KickStarter15

Extract Specific Paragraph(s) in Word Document.

20 posts in this topic

#1 ·  Posted (edited)

Hi Experts,

In my searching of reading doc file in forums, I found This:

However, this thread will read all the contents found in the document file and extract to text file.

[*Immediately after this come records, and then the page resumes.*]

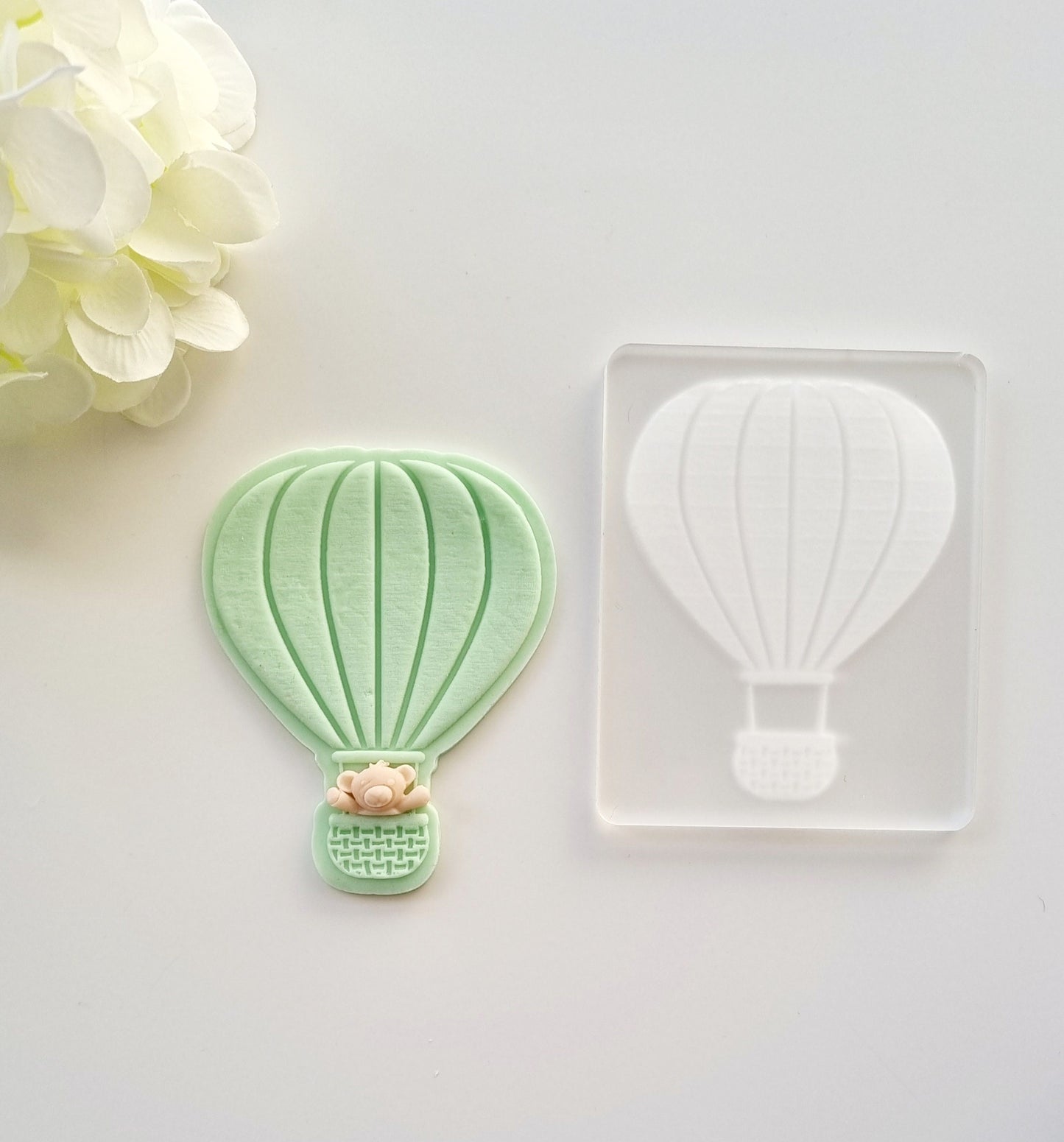 Hot Air Balloon Raised Cookie Stamp/Fondant Debosser & Cutter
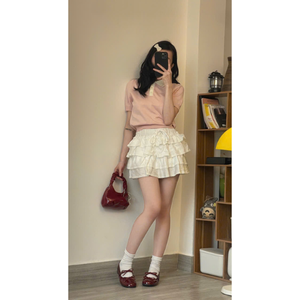 Low Moq Women'S Casual <b>Skirts</b> A-Line Mini Floral <b>Tight</b> 100% Cotton Fashion Business Clothing Oem Odm Vietnam Factory Premium - Product Image 4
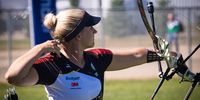 Foto: World Archery / Katharina Bauer überzeugte bei ihrem WM-Debüt mit guten Leistungen in Einzel, Mixed und Team.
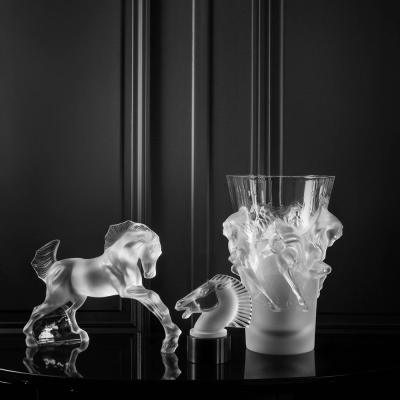 Equus Vase Lalique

Now my question is, using the code given to that thread (which is very useful to me and has a great scripting made ^_^), is there a chance to get only the specific paragraph(s) from that document? example: i just want to get the first paragraph from that document and not all the content of a word file. would that be possible using this code:

Dim $file = FileOpenDialog("Choose .docx file", @DesktopDir, "Word docx file (*.docx)", 1)
If @error Then Exit

Dim $TxT = _ReadDocXContent($file)

MsgBox(0, "Extracted text", $TxT)
FileWriteLine(@ScriptDir & "\" & "Test.txt", $TxT)


Func _ReadDocXContent($ReadLocation)

    Local $extension = StringSplit($ReadLocation, ".", 1)
    $extension = $extension[$extension[0]]
    
    Local $hwnd = FileOpen($ReadLocation, 16)
    Local $header = FileRead($hwnd, 2)
    FileClose($hwnd)
    
    If $header <> '0x504B' Or $extension <> 'docx' Then Return SetError(1) ; not .docx file
    
    Local $Name, $UnZipName, $TempZipName

    Local $i, $f_name = "~TempDoc"
    Do
        $i += 1
        $Name = @TempDir & "\" & $f_name & $i & ".zip"
    Until Not FileExists($Name)

    FileCopy($ReadLocation, $Name, 9)

    Local $j
    Do
        $j += 1
        $UnZipName = @TempDir & "\~DocXdoc" & $j
    Until Not FileExists($UnZipName)

    DirCreate($UnZipName)

    Local $k
    Do
        $k += 1
        $TempZipName = @TempDir & "\Temporary Directory " & $k & " for " & $f_name & $i & ".zip"
    Until Not FileExists($TempZipName)

    Local $oApp = ObjCreate("Shell.Application")
    
    If Not IsObj($oApp) Then Return SetError(2) ; highly unlikely but could happen
    
    $oApp.NameSpace($UnZipName).CopyHere($oApp.NameSpace($Name & '\word' ).ParseName("document.xml"), 4)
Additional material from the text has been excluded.